This is the first in a series of summaries from the recently initiated AMA Global Marketing SIG Round Table Discussions held at AMA Conference events. The following summary, global customer relationship management, derived from the AMA Summer Educators’ Conference in Chicago, August, 2003.

Customer relationship management (CRM) has become an increasingly important topic for marketers. We have seen a growth in the amount of attention given to CRM in both academic and practitioner journals. For example, currently The Teradata Center for Customer Relationship Management at Duke University is sponsoring a special section on the topic of CRM, which will be published in the October 2005 issue of Journal of Marketing. In this forum, i.e., Research Interests of the AMA Global Marketing SIG, Susan M. Mudambi of Temple University was the first to directly address the importance of Global Customer Relationship Management (August 2002). Given its increased importance to the field of global marketing Bill Lundstrom of Cleveland State University moderated a discussion of global CRM. Numerous research issues arose during the session.  Following are three central areas around which the discussion focused. 

1. Friction between sales and CRM.  Sales and Customer Relationship Management programs compete for resources.  Both involve interaction with customers.  Sales focuses on acquisition and CRM on retention.  Both involve relationships, often with the same parties, but the nature of the association differs, as does information needed for decisions.  CRM methods often feature technical applications and they can be based on extensive data collection and sophisticated analytical procedures.  A sale, as a particular type of relationship, is high touch, interpersonal, and often looks for an emotional response.  Cultural characteristics that contribute to relationship success would be expected to have a detrimental effect on achievement of challenging sales goals.  Research investigating how firms balance the potential friction between sales and CRM strategies and tactics is greatly needed. Furthermore, the influence of country culture on efficiency and effectiveness of sales, CRM and the interaction of sales and CRM on firm performance is warranted. Through greater investigation of sales and CRM jointly in global operations we may be able to better understand the reasons for the uneasy co-existence between these strategies and tactics. 

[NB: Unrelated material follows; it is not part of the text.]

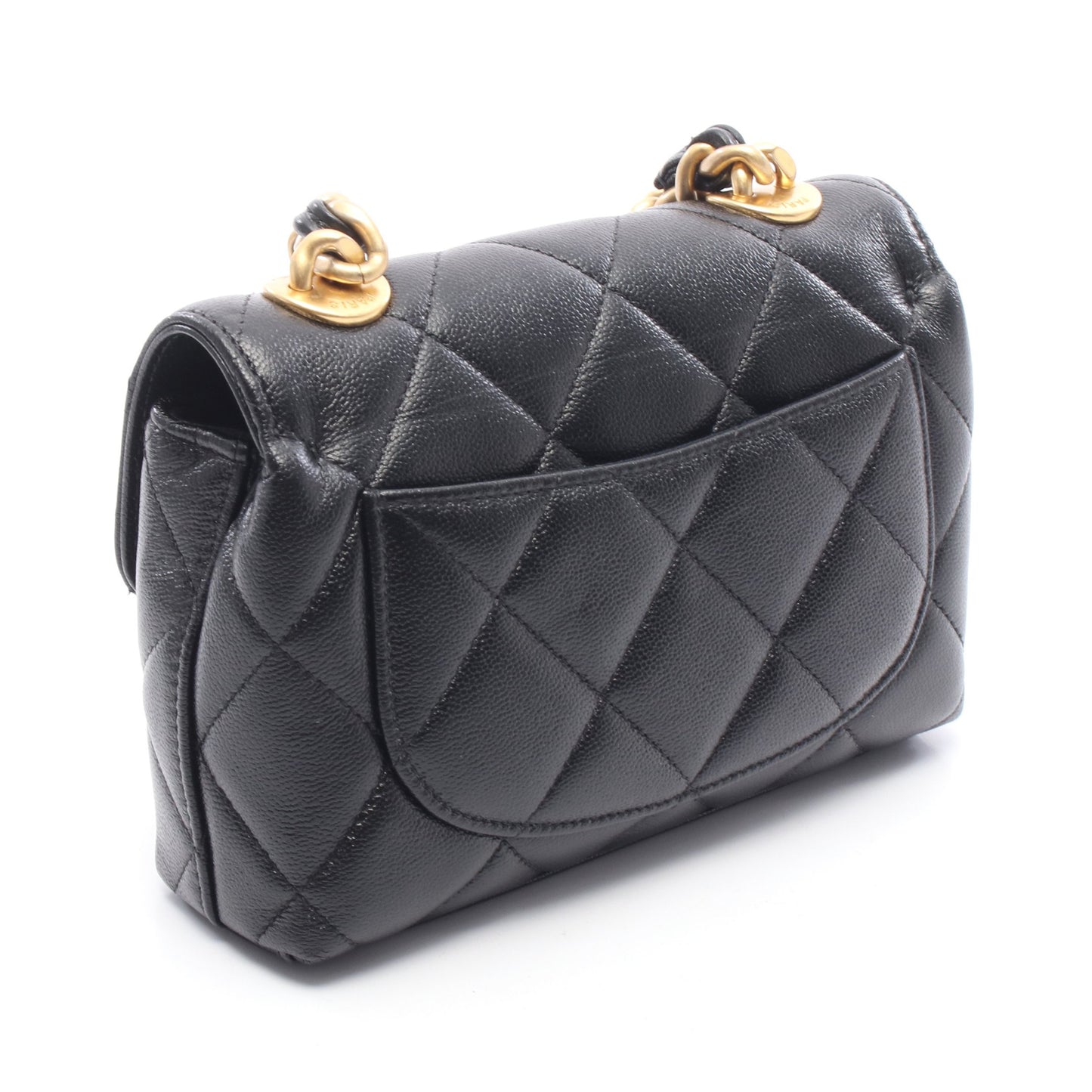 マトラッセ スモールフラップ チェーンショルダーバッグ キャビアスキン ブラック ゴールド金具 シャネル バッグ CHANEL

2. Relationship outcomes.   Key elements of a relationship were identified as trust, caring, communications, honesty, and efficiency.  The manifestation of these behavioral and emotional variables needs to be developed for different cultures. Although scholars have begun to theorize and empirically test cross-cultural differences in many relationship outcome constructs, we have only begun to gain an understanding of how these constructs vary across cultures. Issues of conceptual equivalence, measurement equivalence, etc. abound. Cross-country and cross-cultural comparisons of these constructs in a differing contexts (e.g., supply chain, firm-consumer, etc.) would help to shed light on why some CRM strategies and tactics work/don’t work in various settings.  The nature of a business relationship in different cultures has not been adequately studied.  Understanding a relationship that combines two or more cultures should then be undertaken. 

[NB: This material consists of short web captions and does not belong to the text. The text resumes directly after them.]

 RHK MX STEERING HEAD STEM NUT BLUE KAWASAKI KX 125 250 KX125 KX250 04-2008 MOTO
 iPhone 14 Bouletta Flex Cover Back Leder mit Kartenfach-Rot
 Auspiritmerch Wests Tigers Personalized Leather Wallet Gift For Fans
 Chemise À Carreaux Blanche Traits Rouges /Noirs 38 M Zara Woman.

3. Ethical Issues.  The employment of CRM has raised a number of ethical issues domestically. When moving to the world stage the complexity and intensity of ethical concerns increases tremendously. Availability and use of information of private, semi-private, or transactional information for making decisions is a major issue.  Information privacy is viewed quite differently around the world.  Laws, norms and customs all set forth different standards for "privacy." Privacy as an obstacle to information flows and needs considerable attention. 

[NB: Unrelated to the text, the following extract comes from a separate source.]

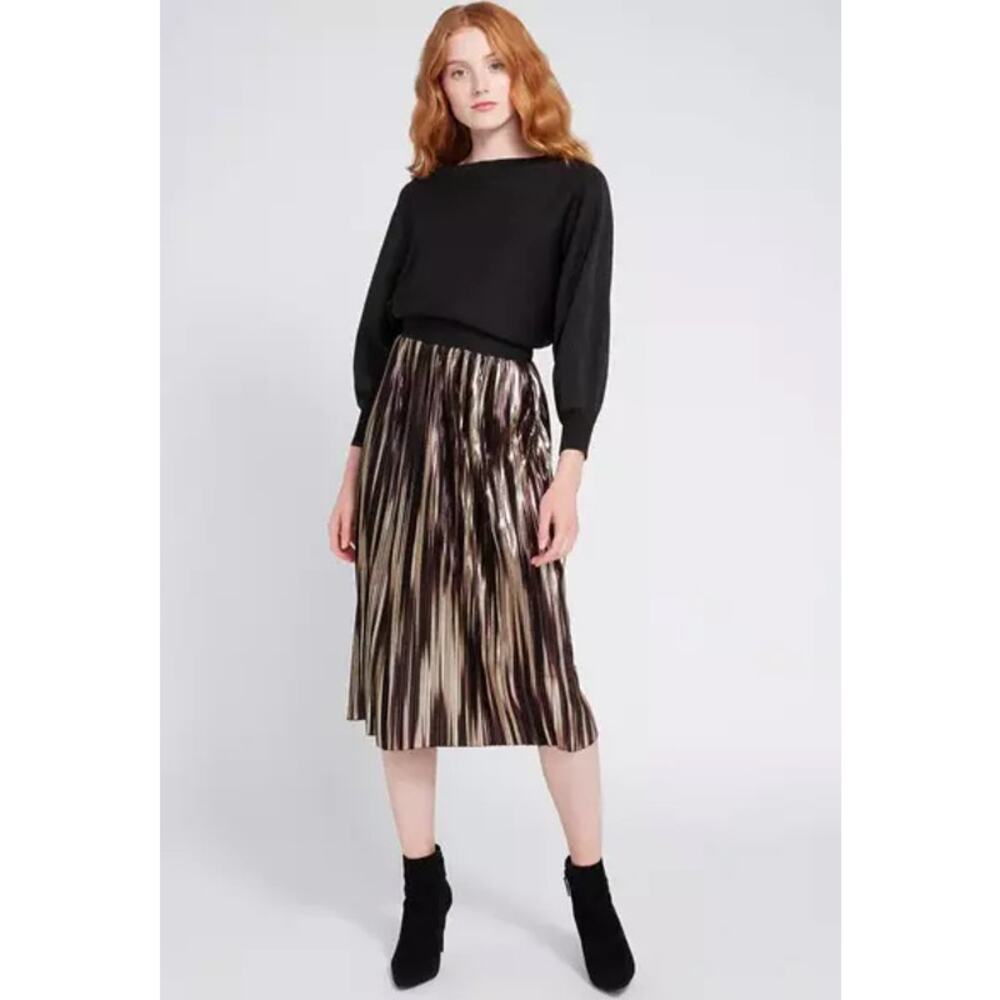 Alice + Olivia Women's Mikaela Pleated Gold Bronze Metallic Stripe Midi Skirt 0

In summary, one clear take-away from the Round Table discussion was the richness of the topic addressed – CRM.  CRM provides numerous opportunities for global marketing researchers to contribute to improved practice and economic development.  Conceptual and empirical research on these topics will provide better understanding of emerging marketing management practices and of the global environment we live in.

 

 
All participants in the sessions are commended for the ideas they brought to the session and the knowledge they produced during the discussion.  The participants were: 

Dan Bello, Georgia State University 
Andrew Czaplewski, University of Colorado at Colorado Springs 
Georg Fassott, University of Kaiserslautern, Germany
Frank Franzak, Virginia Commonwealth University 
David A. Griffith, Michigan State University 
G. Tomas M. Hult, Michigan State University 
Bill Lundstrom, Cleveland State University 
Juan Meng, 
Matt Myers, University of Tennessee, Knoxville 
Pradeep Rau, George Washington University 
Carl Arthur Solberg, Norwegian School of Management, BI
Vern Terpstra, University of Michigan 
Arturo Vasquez, University of Texas Pan American 
Dawn Valdés Wagner, McHenry County College 
Yujie Wei, Georgia State University

This summary of the Round Table discussion is based on my notes, compiled during the session.  Apologies to an outstanding group of participants for any omissions and all misinterpretations.  Others would surely reach a different set of conclusions. To the extent these comments start meaningful dialogue, the Round Table will have accomplished its purpose.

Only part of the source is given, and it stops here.